Sweet then takes this idea of fire, and blends it with scientific
notions of energy in the body (not New Age, but scientific): "Our
bodies are nothing more than the human organization of energy-fire."
After a lengthy (and highly complex) dissertation on energy and its
properties, he finally comes to the point (which for many people is
likely lost on them by that point): i.e., "New Lights connect people to
the many positive sources of energy—from the sun to the soul--but
especially to the most powerful energy source in the universe: Jesus
Christ" (QS, p. 84).
Finally, we come to the LTRP quote. It appears under text sub-heading
"God is the I of the Universe" (QS, p. 93). What is so tragic about how
the Dombrowskis of LTRP have interpreted this statement is the way that
they have utterly missed the fact that Sweet is actually condemning such
New Age/modernist teachings as: unbiblical notions love of self,
self-awareness, and self-actualization. He also slams the New Age
notion that we will be like God, describing that false teaching as the very lie that
came from "the serpent in the Garden of Eden (Gen. 3:5)." Sweet adds,
"Few evils are more insidious than self-creation and self-sufficiency,
producing what used to be called "the energy of the flesh"
(QS, p. 94).
In other words, Sweet's painfully complex discourse actually amounts to
little more than him saying his ineffably complicated way that: a) we
need to experience God in a very Damascus Road type way; b) we need to
be "on fire" for God (to borrow a similar term from many Christian
churches I have attended); and c) the ultimate source of energy is God,
and to be plugged into God is true spiritual energy, whereas it is "the
energy of the flesh" to live any other way—especially when it
involves just living Christianity like it is a religion, rather than a
dynamic, powerful, energized, relationship to God himself.
CONCLUSION
Leonard Sweet is not a New Ager. Indeed, as the above statements show,
he is quite critical of the New Age movement. The worst that can be
said about Sweet is that he often uses complex and/or confusing
language that sends up red flags in the minds of Christians who have a
superficial understanding of the New Age (usually so-called discernment
ministries dedicated to rooting out New Age influences on the church).
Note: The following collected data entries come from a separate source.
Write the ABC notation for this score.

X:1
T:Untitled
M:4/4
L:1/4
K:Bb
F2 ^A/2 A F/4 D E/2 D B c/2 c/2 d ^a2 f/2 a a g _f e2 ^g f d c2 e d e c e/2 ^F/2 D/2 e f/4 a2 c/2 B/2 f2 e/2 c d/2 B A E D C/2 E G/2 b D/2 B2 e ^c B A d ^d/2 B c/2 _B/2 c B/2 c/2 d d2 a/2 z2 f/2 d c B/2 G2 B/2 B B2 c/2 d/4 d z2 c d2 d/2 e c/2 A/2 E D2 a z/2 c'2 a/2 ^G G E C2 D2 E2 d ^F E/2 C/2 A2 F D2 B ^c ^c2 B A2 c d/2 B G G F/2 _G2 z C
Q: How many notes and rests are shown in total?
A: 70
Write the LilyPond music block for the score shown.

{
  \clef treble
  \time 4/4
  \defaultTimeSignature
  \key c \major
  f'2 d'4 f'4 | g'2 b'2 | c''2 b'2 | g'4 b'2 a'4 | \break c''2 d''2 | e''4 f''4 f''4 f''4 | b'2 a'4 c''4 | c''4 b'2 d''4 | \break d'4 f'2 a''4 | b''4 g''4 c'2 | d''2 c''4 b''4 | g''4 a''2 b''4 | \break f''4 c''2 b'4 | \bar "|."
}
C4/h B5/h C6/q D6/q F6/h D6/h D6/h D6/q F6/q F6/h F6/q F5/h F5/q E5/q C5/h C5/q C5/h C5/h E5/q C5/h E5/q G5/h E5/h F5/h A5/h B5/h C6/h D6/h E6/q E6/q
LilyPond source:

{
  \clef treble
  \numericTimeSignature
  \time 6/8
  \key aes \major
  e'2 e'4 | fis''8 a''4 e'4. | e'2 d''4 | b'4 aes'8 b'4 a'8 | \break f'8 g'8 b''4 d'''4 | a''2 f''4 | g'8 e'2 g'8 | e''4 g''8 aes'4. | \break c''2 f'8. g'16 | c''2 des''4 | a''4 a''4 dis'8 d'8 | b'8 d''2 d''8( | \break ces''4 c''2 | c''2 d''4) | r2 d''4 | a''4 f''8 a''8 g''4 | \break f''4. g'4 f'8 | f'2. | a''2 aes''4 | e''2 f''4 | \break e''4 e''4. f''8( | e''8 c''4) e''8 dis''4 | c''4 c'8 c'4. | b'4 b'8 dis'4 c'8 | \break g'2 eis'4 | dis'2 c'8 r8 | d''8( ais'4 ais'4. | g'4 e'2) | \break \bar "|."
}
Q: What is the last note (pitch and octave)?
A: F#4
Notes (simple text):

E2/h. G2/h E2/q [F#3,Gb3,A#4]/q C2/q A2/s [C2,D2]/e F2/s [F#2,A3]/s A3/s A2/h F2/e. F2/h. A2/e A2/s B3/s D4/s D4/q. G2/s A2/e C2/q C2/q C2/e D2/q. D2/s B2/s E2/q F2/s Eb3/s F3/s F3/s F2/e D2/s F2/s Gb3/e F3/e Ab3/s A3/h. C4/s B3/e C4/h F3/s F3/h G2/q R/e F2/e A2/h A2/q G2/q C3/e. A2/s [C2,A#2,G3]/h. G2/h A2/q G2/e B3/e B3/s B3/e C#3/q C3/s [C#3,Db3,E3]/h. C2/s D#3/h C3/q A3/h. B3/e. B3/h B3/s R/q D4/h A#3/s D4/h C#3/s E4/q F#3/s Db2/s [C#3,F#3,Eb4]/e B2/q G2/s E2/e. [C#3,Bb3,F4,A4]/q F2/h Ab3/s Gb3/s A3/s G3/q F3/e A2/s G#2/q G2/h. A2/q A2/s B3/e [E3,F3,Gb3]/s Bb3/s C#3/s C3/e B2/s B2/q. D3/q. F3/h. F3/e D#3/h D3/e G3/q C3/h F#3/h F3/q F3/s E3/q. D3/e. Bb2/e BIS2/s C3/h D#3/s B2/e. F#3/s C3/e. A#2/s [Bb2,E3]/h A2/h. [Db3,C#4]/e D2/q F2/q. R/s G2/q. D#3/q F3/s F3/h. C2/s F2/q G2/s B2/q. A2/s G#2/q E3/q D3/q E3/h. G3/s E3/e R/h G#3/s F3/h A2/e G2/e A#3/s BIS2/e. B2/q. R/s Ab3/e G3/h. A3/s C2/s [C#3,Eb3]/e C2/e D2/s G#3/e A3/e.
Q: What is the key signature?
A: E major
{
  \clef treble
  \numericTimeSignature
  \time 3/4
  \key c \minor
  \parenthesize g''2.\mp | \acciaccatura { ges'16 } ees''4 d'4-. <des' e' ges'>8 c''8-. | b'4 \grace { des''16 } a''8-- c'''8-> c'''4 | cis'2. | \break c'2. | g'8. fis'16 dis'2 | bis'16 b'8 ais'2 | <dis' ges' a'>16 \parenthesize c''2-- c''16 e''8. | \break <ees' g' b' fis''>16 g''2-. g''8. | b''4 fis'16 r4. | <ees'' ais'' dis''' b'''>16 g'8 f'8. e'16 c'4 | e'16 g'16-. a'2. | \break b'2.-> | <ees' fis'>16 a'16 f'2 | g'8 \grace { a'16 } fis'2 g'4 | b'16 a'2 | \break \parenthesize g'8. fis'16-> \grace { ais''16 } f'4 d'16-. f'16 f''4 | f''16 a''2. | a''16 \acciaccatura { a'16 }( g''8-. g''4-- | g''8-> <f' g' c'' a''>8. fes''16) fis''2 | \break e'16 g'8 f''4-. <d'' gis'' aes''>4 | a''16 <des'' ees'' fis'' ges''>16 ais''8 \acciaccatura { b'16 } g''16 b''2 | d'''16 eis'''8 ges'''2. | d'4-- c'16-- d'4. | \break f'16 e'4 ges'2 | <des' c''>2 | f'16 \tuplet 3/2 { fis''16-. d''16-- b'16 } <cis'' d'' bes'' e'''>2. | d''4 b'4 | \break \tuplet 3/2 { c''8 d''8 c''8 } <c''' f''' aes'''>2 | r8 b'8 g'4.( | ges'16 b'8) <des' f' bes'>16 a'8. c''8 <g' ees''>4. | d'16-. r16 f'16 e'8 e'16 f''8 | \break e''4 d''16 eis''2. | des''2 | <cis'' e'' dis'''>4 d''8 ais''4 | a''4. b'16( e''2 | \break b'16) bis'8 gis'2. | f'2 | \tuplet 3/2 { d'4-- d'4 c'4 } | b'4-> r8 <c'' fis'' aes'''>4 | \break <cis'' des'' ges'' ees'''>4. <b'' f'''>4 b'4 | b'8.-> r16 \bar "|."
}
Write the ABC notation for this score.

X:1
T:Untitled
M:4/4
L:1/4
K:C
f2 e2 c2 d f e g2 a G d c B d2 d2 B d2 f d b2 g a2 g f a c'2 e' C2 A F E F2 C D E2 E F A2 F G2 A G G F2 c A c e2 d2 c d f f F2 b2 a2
This is where Sweet, in my opinion, must be more careful. (But then
again, I am often left wondering if it would even make a difference to some
people if he were more careful.) The bottom line, in my opinion, is
that Leonard Sweet may just be too intelligent for his own good when it
comes to certain situations/issues. And he, unfortunately, assumes that most
people will be able to keep up with what he is saying and understand his
rather heady musings. That is his primary error, as I see it And as a result, many
Christians (and so-called "discernment" groups) have labeled him
a New Ager, contrary to the evidence that exists.